Le Franc CFA, instrument de domination de la France en Afrique?

Les pays africains anciennement colonisés par la France considèrent cette monnaie comme un vestige de la colonisation. Ils veulent disposer librement de leurs ressources pour construire leur avenir. Aussi, envisagent-ils de créer une monnaie commune qui sera adossée à l’or.

Gaston Mutamba Lukusa

A la suite de l’invasion de l’Ukraine par la Russie, le 24 février 2022, des sanctions ont été prises contre Moscou par des pays du G7, de l’OTAN et de l’Union européenne. Depuis, des voix s’élèvent en faveur d’un monde multipolaire et de la fin de la domination du dollar américain dans les échanges commerciaux. Les pays BRICS (Brésil, Russie, Inde, Chine, Afrique du sud) sont considérés comme ceux qui pourraient mettre fin à cette injustice mondiale et à façonner des relations mutuellement bénéfiques. Certains pays espèrent qu’une nouvelle dynamique va mettre fin au modèle hégémonique actuel qui n’est pas équitable ainsi qu’au diktat du Fonds monétaire international (FMI). Dans ce contexte le 15e Sommet des pays BRICS qui s’est tenu à Johannesburg (Afrique du sud) du 22 au 24 août a pris toute son importance.
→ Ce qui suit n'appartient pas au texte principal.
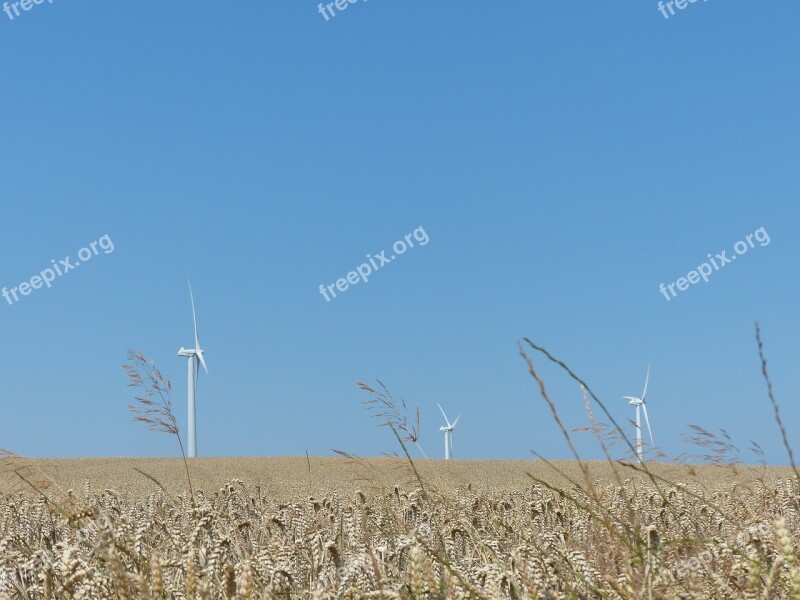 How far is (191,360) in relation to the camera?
3603 centimetres

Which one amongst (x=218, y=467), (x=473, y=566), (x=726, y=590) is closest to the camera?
(x=726, y=590)

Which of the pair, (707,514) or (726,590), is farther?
(707,514)

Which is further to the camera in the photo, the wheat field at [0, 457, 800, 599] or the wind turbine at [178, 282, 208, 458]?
the wind turbine at [178, 282, 208, 458]

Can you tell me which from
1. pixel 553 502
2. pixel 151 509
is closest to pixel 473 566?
pixel 553 502

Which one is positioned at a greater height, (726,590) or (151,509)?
(151,509)

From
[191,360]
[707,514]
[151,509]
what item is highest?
[191,360]

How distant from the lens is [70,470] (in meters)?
27.5

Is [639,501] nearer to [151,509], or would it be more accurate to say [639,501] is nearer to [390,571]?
[390,571]

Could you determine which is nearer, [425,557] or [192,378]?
[425,557]

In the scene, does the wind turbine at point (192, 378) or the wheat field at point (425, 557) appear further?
the wind turbine at point (192, 378)

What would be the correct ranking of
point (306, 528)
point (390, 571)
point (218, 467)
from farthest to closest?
1. point (218, 467)
2. point (306, 528)
3. point (390, 571)

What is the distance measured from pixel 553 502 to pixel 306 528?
3148 mm

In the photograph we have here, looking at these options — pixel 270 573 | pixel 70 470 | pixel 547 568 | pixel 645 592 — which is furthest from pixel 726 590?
pixel 70 470

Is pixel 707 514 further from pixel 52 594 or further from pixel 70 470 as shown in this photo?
pixel 70 470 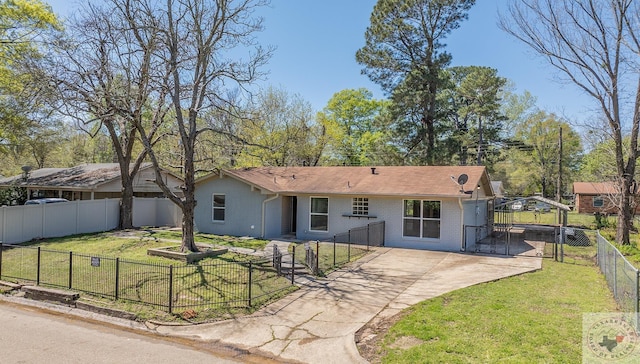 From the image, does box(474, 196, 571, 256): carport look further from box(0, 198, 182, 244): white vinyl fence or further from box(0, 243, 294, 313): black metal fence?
box(0, 198, 182, 244): white vinyl fence

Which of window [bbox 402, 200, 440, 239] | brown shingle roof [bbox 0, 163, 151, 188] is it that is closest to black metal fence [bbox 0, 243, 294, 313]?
window [bbox 402, 200, 440, 239]

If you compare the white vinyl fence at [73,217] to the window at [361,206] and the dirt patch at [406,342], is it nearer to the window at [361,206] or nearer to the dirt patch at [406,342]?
the window at [361,206]

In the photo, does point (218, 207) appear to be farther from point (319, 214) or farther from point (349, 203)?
point (349, 203)

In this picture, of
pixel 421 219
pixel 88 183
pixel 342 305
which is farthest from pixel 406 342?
pixel 88 183

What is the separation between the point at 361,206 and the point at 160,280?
9931 millimetres

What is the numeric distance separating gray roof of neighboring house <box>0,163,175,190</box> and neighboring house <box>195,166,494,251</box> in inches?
290

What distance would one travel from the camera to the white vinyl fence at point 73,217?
1634 centimetres

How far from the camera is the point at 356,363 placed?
602 cm

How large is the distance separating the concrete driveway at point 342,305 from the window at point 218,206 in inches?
357

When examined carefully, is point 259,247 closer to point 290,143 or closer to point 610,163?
point 290,143

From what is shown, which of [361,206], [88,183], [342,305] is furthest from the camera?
[88,183]

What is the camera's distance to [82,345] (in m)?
6.75

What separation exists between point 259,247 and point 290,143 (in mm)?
16840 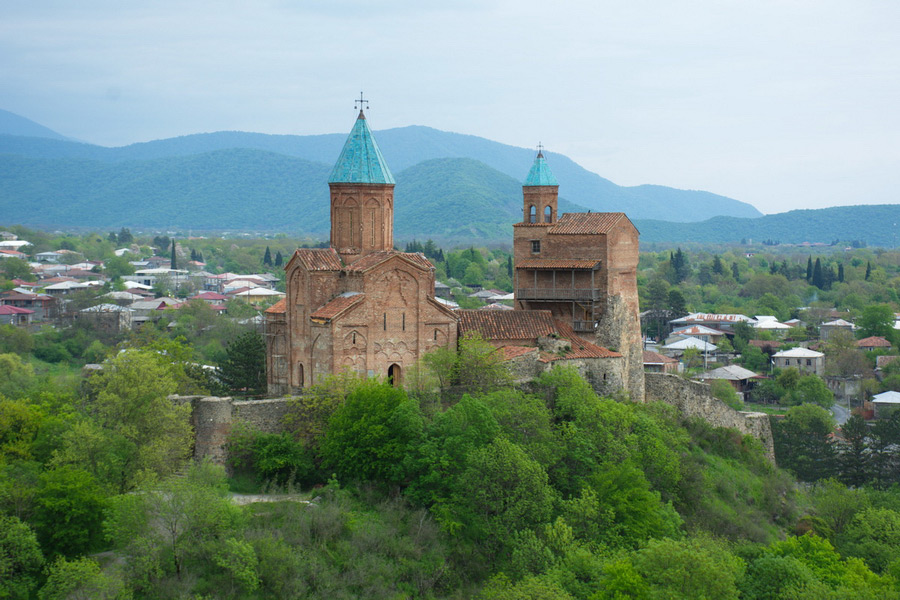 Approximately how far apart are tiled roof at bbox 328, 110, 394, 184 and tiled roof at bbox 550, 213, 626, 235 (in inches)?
304

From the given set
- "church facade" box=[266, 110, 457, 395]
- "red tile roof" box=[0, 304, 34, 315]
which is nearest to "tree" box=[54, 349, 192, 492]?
"church facade" box=[266, 110, 457, 395]

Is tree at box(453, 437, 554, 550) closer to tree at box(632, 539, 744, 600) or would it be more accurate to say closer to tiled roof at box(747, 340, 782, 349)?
tree at box(632, 539, 744, 600)

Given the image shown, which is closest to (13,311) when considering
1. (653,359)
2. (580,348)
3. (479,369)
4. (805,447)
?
(653,359)

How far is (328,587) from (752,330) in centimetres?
7122

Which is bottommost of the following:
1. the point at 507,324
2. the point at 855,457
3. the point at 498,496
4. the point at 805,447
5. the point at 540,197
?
the point at 855,457

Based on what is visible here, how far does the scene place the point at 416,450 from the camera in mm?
30266

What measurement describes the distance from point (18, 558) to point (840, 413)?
183 ft

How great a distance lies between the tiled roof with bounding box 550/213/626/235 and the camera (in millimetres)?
39594

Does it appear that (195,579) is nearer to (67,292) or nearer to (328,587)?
(328,587)

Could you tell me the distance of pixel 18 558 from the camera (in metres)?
24.3

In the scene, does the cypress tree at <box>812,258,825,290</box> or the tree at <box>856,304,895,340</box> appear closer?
the tree at <box>856,304,895,340</box>

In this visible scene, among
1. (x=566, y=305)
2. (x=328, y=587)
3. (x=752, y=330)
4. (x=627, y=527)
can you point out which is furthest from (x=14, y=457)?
(x=752, y=330)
Il en est de même de l’élargissement des BRICS, à partir du 1er janvier 2024, à six nouveaux pays (l’Argentine, l’Egypte, l’Ethiopie, l’Iran, l’Arabie saoudite et les Emirats Arabes Unis). Ces pays envisagent de créer à la longue une monnaie commune qui sera adossée à l’or. C’est dans un tel environnement que des pays africains anciennement colonisés par la France évoquent leur émancipation économique et financière. Ils veulent disposer librement de leurs ressources pour construire leur avenir, Dans ce contexte, le Franc CFA est considéré comme un vestige de la colonisation.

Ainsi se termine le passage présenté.